『ラグナロク』

 ファンタジーと言っても、「すべて新しい」世界像を創り出すのは容易ではありません。どの物語にもだいたいは「基礎となる物語」や「世界観」があると思います。

 『ラグナロク』はタイトルからも北欧的な元の要素があることがうかがえますし、「話す剣」という要素もファンタジーとしてはある種王道ですね。様々な要素を合わせて、骨太な設定に仕上げた、そんな物語です。

 主人公が豪快なので話も楽しく進んでいくのですが、戦闘シーンはかなり想像力を必要とします。強いだけじゃなくて、主人公は翼が生えたり特殊な能力が発動したりしますからね。読む分には楽しいのですが、「書くのは難しそうだなあ」と思ったものです。

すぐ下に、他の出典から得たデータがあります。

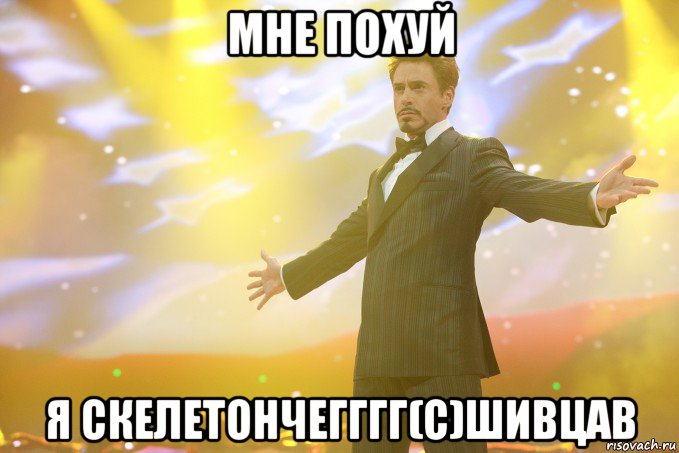 мне похуй я скелетончегггг(с)шивцав, Мем Тони Старк (Роберт Дауни младший)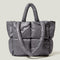 Fashion Large Tote Padded Handbags Designer Quilted Women Shoulder Bags Luxury Nylon Down Cotton Crossbody Bag Winter Purse 2022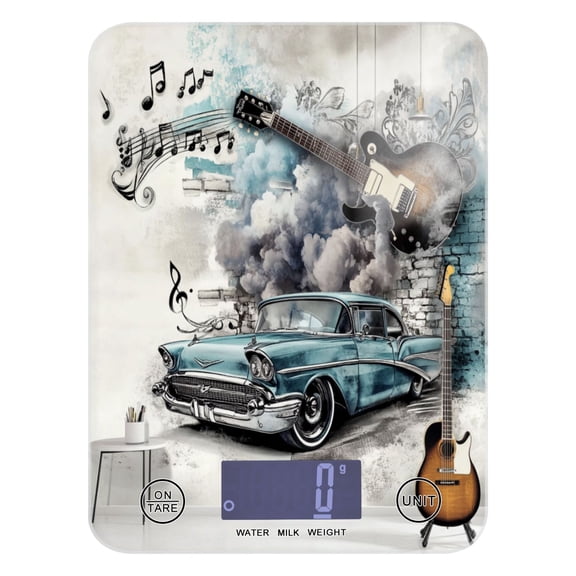 Rock Elements Mural Food Scale Digital Kitchen Scale Waterproof Grams Ounces lbs for For Baking and Cooking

 ヒロインが冷徹だったり、彼女に多重人格の妹がいたり、でっかい狼をつけていたりとここら辺も大変良いです。作者には「設定の嗅覚」みたいなものがある気がします。

 どんどん話が広がっていくのですが、完結はしていません。と思ったら、最近また書き直したり新刊が出たりしているようです。

 ライトノベルでこういうのが受賞して連載されるんだ、というのが励みの一つだったのですが、作者曰く「遅筆と、書いたものが到底ラノベとはいえない」(作者のツイッターより)ため編集部からは離れることになったとのこと。なかなか難しいですねえ。